Fashion designer Prabal Gurung is sending a strong message through his fall 2018 campaign.
Gurung, a vocal advocate for increased Asian representation in media, cast all Asian models for his “Stronger in Color” ad campaign. The Nepalese-American designer also employed a predominantly Asian crew for the project.
“I’ve always believed in the power of visual representation. Growing up, I never saw someone who looked like me represented in Hollywood films or fashion photos in a desirable and glamorous way (or really represented at all to be honest). I want to change this,” he told HuffPost in an email.
With his own nieces and nephews ― as well as the children he works with through his Shikshya Foundation Nepal ― in mind, Gurung said that he wants kids to “open a magazine or go on Instagram and be able to identify with the faces on the screen or in print.”
For the digital campaign, which launched last week, Gurung tapped models and crew members from across Asia, including China, Thailand, Nepal and India. Though for many Americans, the word “Asian” immediately brings up images of those from East Asia, the designer said he wanted to show how the Asian identity extends far beyond that one stereotype.

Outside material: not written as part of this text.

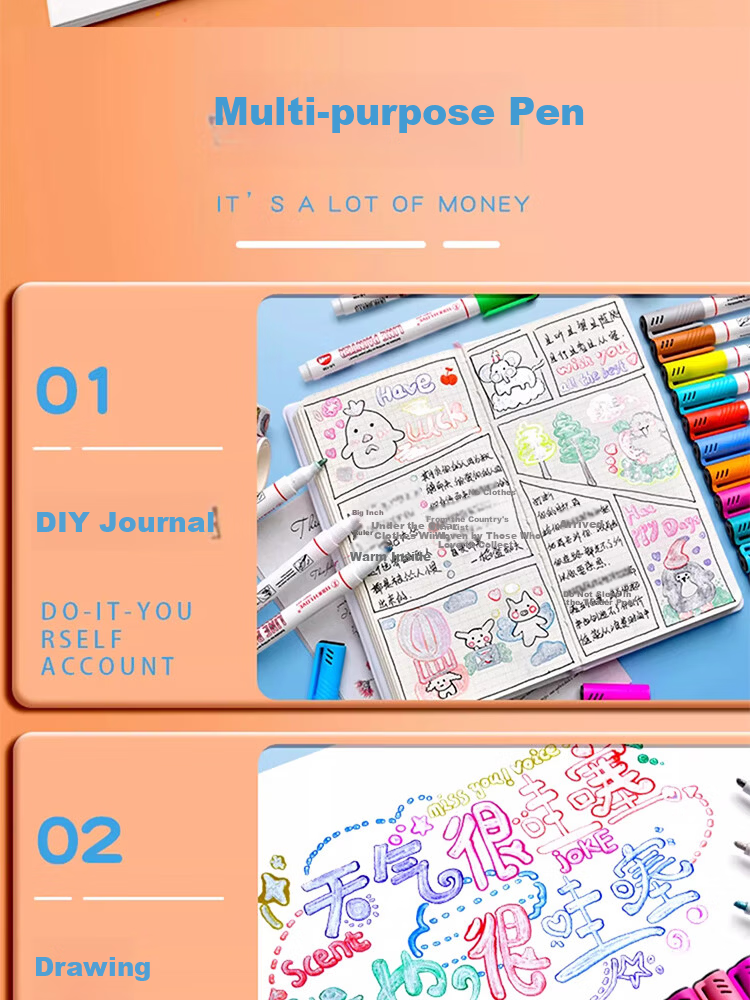 Meijiwan 12-Color Double-Line Outline Pen Set Thick Glitter Quick-Dry Pearl Journal Marker DIY Kids Double-Line Pens 9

“It was a priority for us to represent a diverse range of Asia,” he explained. “With this campaign, I wanted to showcase, honor and celebrate the depth and breadth of the pan Asian experience, and to highlight multiple definitions of beauty.”
Recent years have brought some wins for Asian representation in the fashion industry, but progress has been slow. A study of more than 3,700 magazine covers from U.K.- and U.S.-based publications last year found that Asians made up less than 1 percent of cover models. In a move that was considered groundbreaking, Allure put three Asian cover models on its June issue ― a decision orchestrated under the publication’s Asian-American editor-in-chief, Michelle Lee. Prior to that, the magazine had featured only two Asian cover models in its near-30-year history.
“When it comes to Asians, and just people of color in general, I feel like there’s still a lot of tokenism,” Lee told Fashionista in July. “If you had a grouping of 20 models, there are a lot of people right now who still think that by putting one person of color within that mix, ‘Oh, great, I’ve checked off the diversity box!’ It’s like, ‘I’ve got my one Asian girl. We’re all good.’ […] A lot of people think about East Asians, but then it’s like, ‘Wait, but where’s your South Asian representation?’”
Gurung echoed Lee’s observations to HuffPost. He said that when it’s done, diverse casting often “feels done to fill a quota.” He suggested the responsibility to change that shouldn’t fall just on designers and casting directors. Agencies, too, should place more priority on discovering and representing minority models. But the problem also lies in how the movers and shakers of the fashion world see diversity.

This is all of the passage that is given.